01/07/2014

HOMEMADE BOUNTY BARS


I was never mad about coconut, not to mind  bounty bars, those things disgusted me. Over the past few months though, coconut has taken over. I've gone from hating the taste and texture to craving it in all forms. So when I spotted this recipe over here, I knew I had to give it a go, and they did not disappoint. These beauties have shot up to my number one favourite healthy, guilt-free treat. Next up on the list? Coconut coffee. Oh yeah.

15/06/2014

SUGARLESS BROWNIES


                                                                                                           I had a serious hankering for some homemade chocolate brownies, so to satisfy my cravings I concocted a healthier recipe by substituting most of the ingredients for healthier options. I could have gone one step further and used coconut oil instead of butter, but there's only so much coconut oil a girl can take. The ingredients may be a little on the pricier side of things, but these bad boys tasted no different from the original double-the-caloire recipe, so totally worth the money in my book!

05/06/2014

HOMEMADE ICED COFFEE

During those long, hot Irish summer days there's nothing you want more than an ice cold drink... I kid, but I like to pretend we get a summer.  Come June I'm switching to this cooler, more refreshing version of my morning cup of joe, even if it is more than likely raining outside. If you're really dedicated, make some coffee ice cubes with your left over coffee to keep the strength. But if you're anything like me, the glass will be empty before the ice even has a chance to melt. Fill three quarters of the glass up with ice and your favourite milk and pour in your shot of coffee. Pop in a straw and shlurp away.

04/06/2014

HOMEMADE VEGETABLE CRISPS

I had been wanting to try my hand at homemade vegetable crisps for a while now, but was waiting until I got my hands on a mandolin. That time never came so I settled for a cheese slicer, which made a pretty good alternative. I've tried store bought vegetable crisps plenty of times and loved them, but never thought that my homemade version would live up to them. Well, I was wrong.  (Apart from the kale, not my cup of tea. At all.) 

INGREDIENTS
yields one large bowl of crisps
1 large carrot
1 large parsnip
1 beetroot
bunch of kale leaves
olive oil
sea salt
chilli flakes

METHOD
1. Preheat the oven to 200C. Wash the kale and peel the carrot, parsnip and beetroot. Using a mandolin, sharp knife or peeler/cheese slicer, cut the carrot, parsnip and beetroot into paper thin slices. Keep them as big as possible, cutting the carrot and parsnip length-ways.
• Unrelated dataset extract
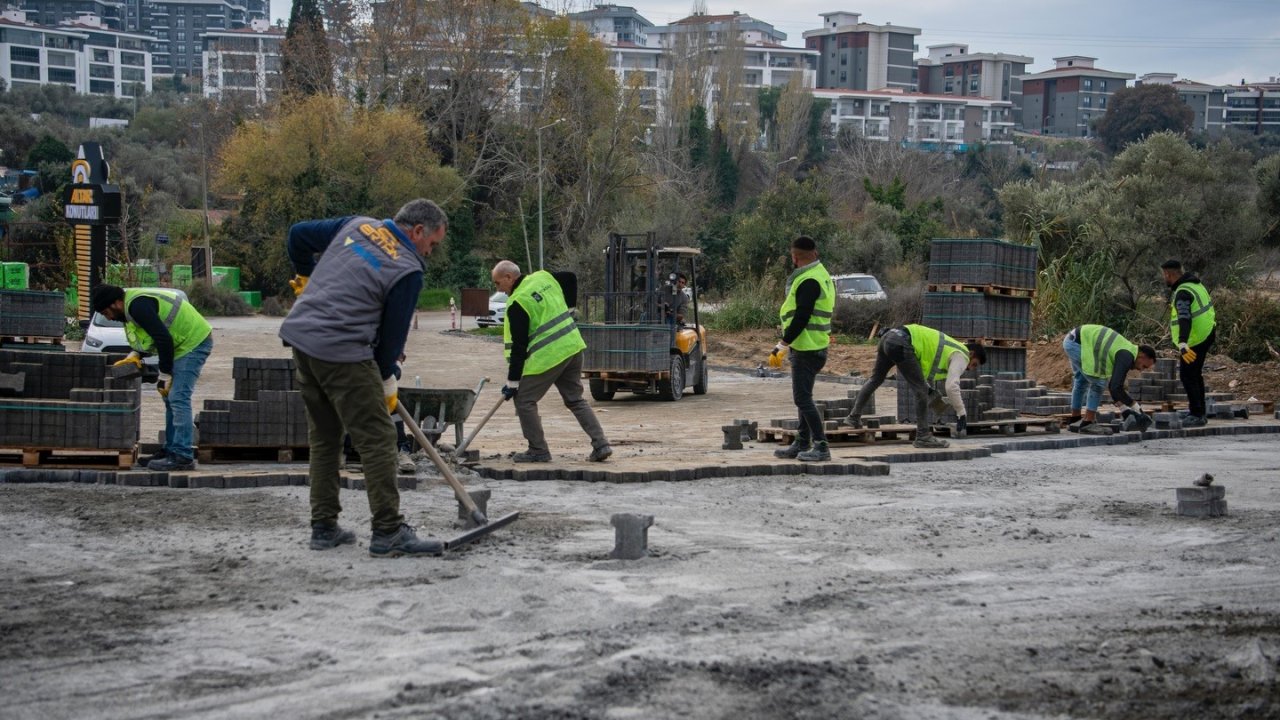 Kuşadası Belediyesi kente modern ve konforlu yollar kazandırıyor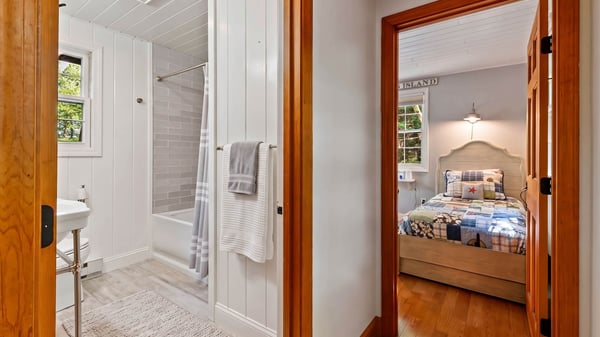 127 Penacook Road, Sutton, NH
2. Dry off the slices of all vegetables as much as possible using kitchen paper. If they're damp at all they will take much longer to get crispy in the oven. Once all the moisture has been absorbed, coat the slices in the tiniest bit of olive oil. I'm talking 1/4 tsp per vegetable.

3. Lay the crisps out on an unlined baking tray and sprinkle with salt and chilli flakes to taste. Try to keep the crisps separated and they'll crisp up better.

4. Pop in the oven and give them all a shake every 5 minutes. I found that the cooking time really varied (anywhere from 8-30 minutes) depending on the thickness of the crisps and their moisture when going into the oven. Just keep checking them until they're perfect.